Per ogni coltura ci sono regole precise da rispettare e strategie vincenti: ecco perché è essenziale preparare un corretto piano di fertilizzazione. E QdC® è pronto ad assisterci nel processo e verificare il rispetto di tutte le norme di legge.

11 marzo 2021

Mentre la fine dell’inverno si avvicina a grandi passi, per i produttori agricoli è sempre più prossimo il momento della concimazione primaverile, fase cruciale per ottenere buone rese finali. Ovviamente non tutte le colture richiedono lo stesso tipo di approccio e di prodotti e molto dipende anche dalla disponibilità effettiva di elementi nutritivi in un determinato terreno. Non mancano, poi, regole specifiche a cui attenersi: utilizzi spandimenti di reflui zootecnici o agroindustriali?
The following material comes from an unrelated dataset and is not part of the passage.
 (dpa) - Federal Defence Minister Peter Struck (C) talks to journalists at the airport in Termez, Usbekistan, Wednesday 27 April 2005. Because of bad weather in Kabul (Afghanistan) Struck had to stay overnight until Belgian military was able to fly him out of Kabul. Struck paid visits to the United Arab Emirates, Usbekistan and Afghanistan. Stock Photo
C’è una normativa specifica da rispettare. Produci cereali? Mais e cereali rendono diversamente in base ai prodotti utilizzati. E che dire della vite? E naturalmente occorre anche tenere sotto controllo i limiti di applicazione di azoto, fosforo e potassio, oltre quelli del rame e verificare che i prodotti utilizzati, nel caso di agricoltura biologica, rispettino il disciplinare.

Insomma, proprio come la corretta gestione del registro dei trattamenti, anche un’efficace fertilizzazione primaverile richiede di tenere sotto controllo decine di fattori e necessità grande precisione nel rispettare regole, normative e disciplinari. Ecco perché QdC® – Quaderno di Campagna® ha previsto una serie di funzioni specifiche e può contare su Fertilgest, una banca dati appositamente studiata per accompagnare il produttore in questa fase delicata.

Nel caso di spandimenti di reflui zootecnici o agroindustriali, ad esempio, QdC® ha previsto una funzionalità apposita per verificare il rispetto della Direttiva Nitrati (direttiva comunitaria 91/676/CEE): sia la versione “Difesa Integrata Volontaria” che “Agricoltura Biologica” permettono di indicare le unità produttive interessate dalla normativa e monitorare gli apporti di azoto zootecnico nei campi (a questo link è possibile trovare un’approfondita guida per utilizzare al meglio questa funzionalità).

Sempre sul tema dell’azoto, poi, è possibile accertarsi del rispetto delle normative europee e nazionali indicando la presenza di vincoli territoriali selezionando, nei dettagli dell’unità produttiva, “Zona vulnerabile ai nitrati”. In questo modo QdC® segnalerà le restrizioni da applicare sui prodotti a base di azoto nel verificare le operazioni di fertilizzazione.

E che dire dell’apporto di rame, da conteggiare sia nelle fertilizzazioni che nei trattamenti fitosanitari, o del fosforo e del potassio? Diverse normative, infatti, regolano i massimi apporti degli elementi nutritivi: ecco perché è importante impostare un corretto Piano di fertilizzazione. In questo modo QdC® metterà a nostra disposizione una tabella riepilogativa di tutti gli apporti per singole aree che ci permetterà di vedere a colpo d’occhio quanto manca al raggiungimento dei limiti di legge.

Pronti a scendere in campo con le corrette operazioni di fertilizzazione primaverile, dunque, ma tenendo sempre sott’occhio gli alert e gli indicatori di QdC®: otterremo un risultato migliore nel pieno rispetto di tutte le normative!